Effects of the dose and depth on the microstructural characteristics of proton-irradiated austenitic 316 stainless steel

Abstract

Type 316 austenitic stainless steel was irradiated at 360 °C with 2 MeV protons to doses up to 6.0 displacements per atom at a depth of approximately 10 μm and the various effects of proton irradiation on the irradiation defects and microstructural changes were characterized using transmission electron microscopy. The irradiation defects produced by protons consisted of Frank loops, network dislocations, voids and nanotwins. The size and the density of the irradiation defects increased depending on the increase of the dose. Frank loops, dislocations and nanotwins were found mainly in regions irradiated at a low dose, whereas voids were dominant in regions near the damage peaks. The evolution of typical irradiation defects changed according to the irradiation depth, in agreement with the characteristics of the dose variation depending on the depth. This behavior during the production of distinct irradiation defects according to the irradiation depth appears to be an intrinsic characteristic of any type of ion irradiation.

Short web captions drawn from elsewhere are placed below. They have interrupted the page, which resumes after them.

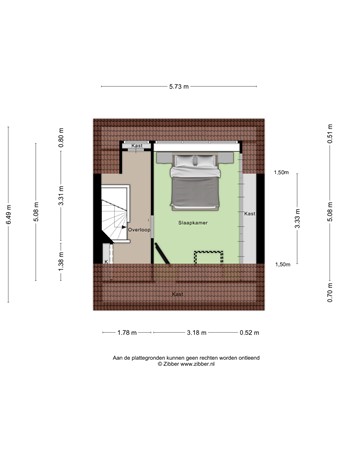 Plattegrond - Hontenissestraat 13, 5045 CA Tilburg 
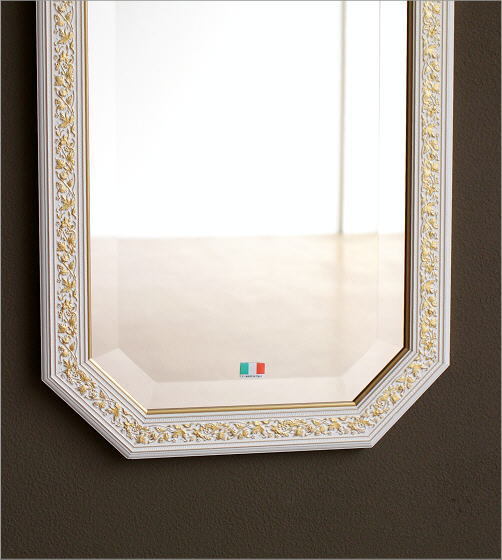 鏡 壁掛けミラー 玄関 おしゃれ イタリア製 ロング 姿見 ウォール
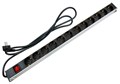 Блок розеток 19", 12 розеток Cabeus PDU-12P-2EU 513168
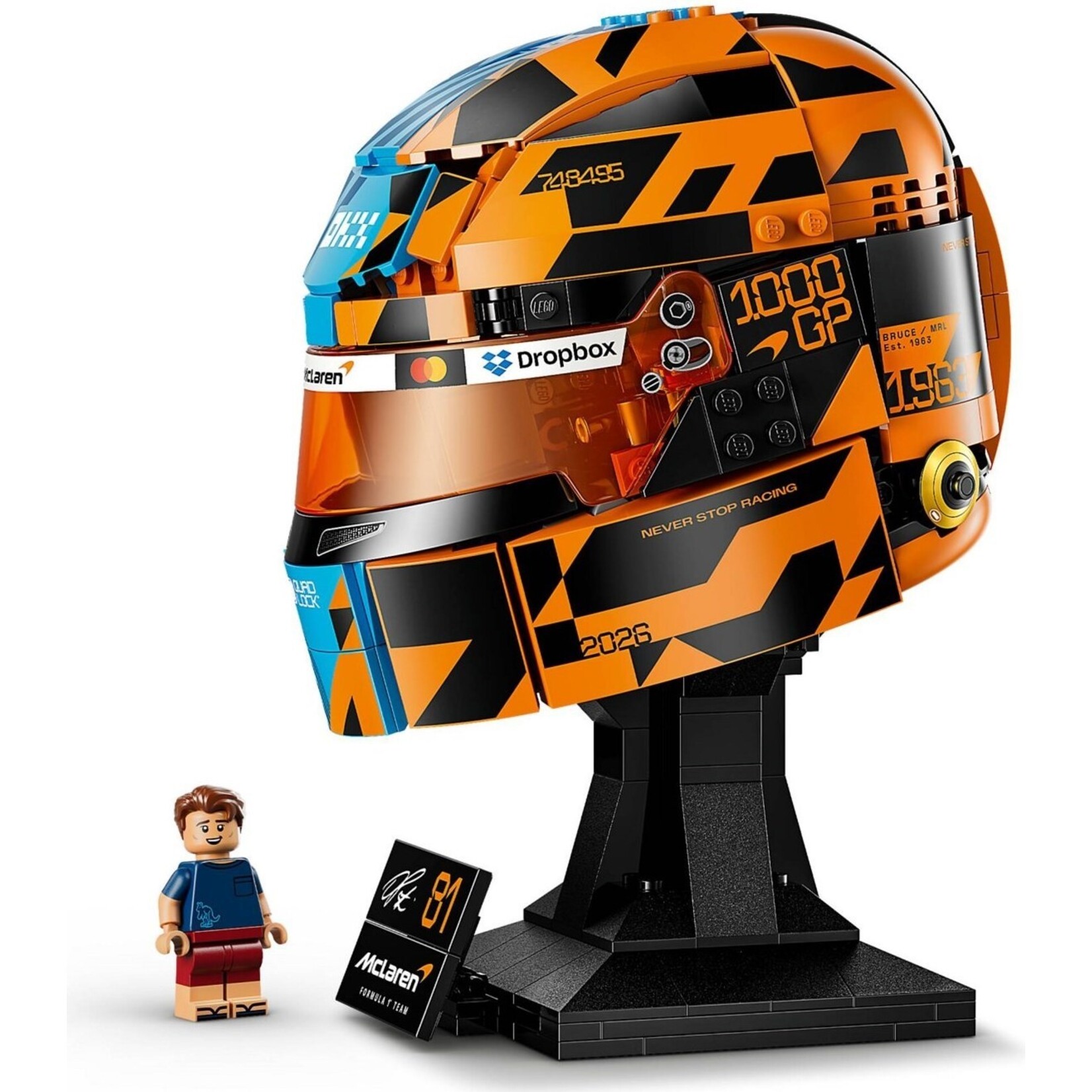 LEGO  McLaren Mastercard F1® Team helm van Oscar Piastri - 43017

A simple and effective method of preparing TEM specimens to remove chemically the surface damage layers induced by a high-energy focused ion beam and/or low-energy ion milling treatments is suggested. • Frank loops, dislocations and voids induced by proton irradiation were investigated. • Nanotwins were formed in austenitic 316 stainless steel by proton irradiation. • Evolution of typical irradiation defects changed according to the irradiation depth. • Chemical polishing method to remove FIB- and IM-induced damage layers was suggested.